Random Python Scripts #1: EV Chargers, Memberships, and Existential Pythoning

Welcome to the first post in a series we're calling Random Python Scripts, where we write code for things that probably don't need code. Why? Because we love Python and have no idea what to do with our valuable time. If you've ever stared at your terminal thinking, "I should automate something pointless", this series is for you.

Today's script? An attempt to make sense of EV charger pricing across brands, speeds, and membership schemes. Because nothing screams "data science" like trying to figure out if paying 0.4 the KWh at EasyGo is worth it. Spoiler: it's not, unless you enjoy the thrill of arriving at a charger that's either broken, mysteriously offline, or just pretending to be available.

The Problem

EV chargers have wildly inconsistent pricing. Some allow overpriced contactless payments, some offer memberships, some have peak and off-peak rates, and some (looking at you, Tesla) offer off-peak discounts if you're willing to wait in a queue that rivals Disneyland's Space Mountain.

So we built a script to:

• Load EV charger pricing data

• Calculate how much you'd pay for different charge amounts

• Determine the "threshold" where a membership becomes financially worth it

• Estimate how far you'd drive monthly to justify the membership

• Declare a winner for each charge amount (based on price, not reliability)

The Script (a.k.a. Python Therapy)

Let's walk through the script, just to showcase some PEP8 standards, general good practices and a couple of refactoring tricks.

Constants and Setup

We start with some constants: file names, charge amounts (from 50 to 400 kWh), and average km per kWh for city and motorway driving. These are defined like a professional would do it. All caps, clear names, no magic numbers floating around.
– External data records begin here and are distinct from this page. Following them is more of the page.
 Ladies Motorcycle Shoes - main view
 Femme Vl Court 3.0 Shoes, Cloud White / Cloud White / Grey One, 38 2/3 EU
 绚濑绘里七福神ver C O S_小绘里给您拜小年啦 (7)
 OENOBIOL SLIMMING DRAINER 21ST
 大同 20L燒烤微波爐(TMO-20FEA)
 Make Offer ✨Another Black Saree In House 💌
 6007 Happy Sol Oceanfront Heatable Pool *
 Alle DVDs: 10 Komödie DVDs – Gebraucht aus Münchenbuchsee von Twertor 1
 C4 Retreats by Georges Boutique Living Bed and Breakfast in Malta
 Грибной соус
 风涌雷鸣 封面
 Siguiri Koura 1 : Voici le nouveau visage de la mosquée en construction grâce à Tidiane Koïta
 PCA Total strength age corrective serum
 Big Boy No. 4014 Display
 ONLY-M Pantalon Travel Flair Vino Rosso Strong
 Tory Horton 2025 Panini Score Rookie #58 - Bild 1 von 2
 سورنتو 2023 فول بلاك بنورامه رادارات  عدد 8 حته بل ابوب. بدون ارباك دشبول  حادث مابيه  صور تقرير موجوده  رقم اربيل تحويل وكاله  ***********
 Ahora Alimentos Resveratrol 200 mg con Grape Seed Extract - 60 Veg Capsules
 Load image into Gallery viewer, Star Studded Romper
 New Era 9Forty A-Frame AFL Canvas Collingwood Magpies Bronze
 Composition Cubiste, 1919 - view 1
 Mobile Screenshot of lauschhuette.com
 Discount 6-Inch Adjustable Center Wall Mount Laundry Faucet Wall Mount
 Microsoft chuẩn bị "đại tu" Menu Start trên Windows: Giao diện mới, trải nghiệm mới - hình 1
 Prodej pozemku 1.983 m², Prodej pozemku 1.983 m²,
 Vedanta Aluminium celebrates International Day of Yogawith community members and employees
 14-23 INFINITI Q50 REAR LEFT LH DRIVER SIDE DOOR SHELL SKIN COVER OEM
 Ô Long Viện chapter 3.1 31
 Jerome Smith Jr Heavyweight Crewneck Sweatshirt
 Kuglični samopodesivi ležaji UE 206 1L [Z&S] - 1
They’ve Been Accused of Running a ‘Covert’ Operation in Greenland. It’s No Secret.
EV_CHARGERS_FILE = 'ev_chargers_details.json'
CHARGE_AMOUNTS = list(range(50, 401, 50))
AVG_KM_PER_KWH_CITY = 7.5
AVG_KM_PER_KWH_MOTORWAY = 5.5

Did I just say clear names? no, that's not enough. Names must also be descriptive, as much as possible. You will write the code once, but you will read it a dozen of times (well, not this script probably, but think about code at work). Avoid stuff like DATA = 'foo', or FILE = 'result.txt'. Squeeze your brains just for 2 seconds and find a good name for your variables and files. In python name convention for global vars is caps with underscores, and lowercase for local vars. No camelcase, please.

Loading the Data

We load the JSON file with a clean little function that includes type annotations and UTF-8 encoding.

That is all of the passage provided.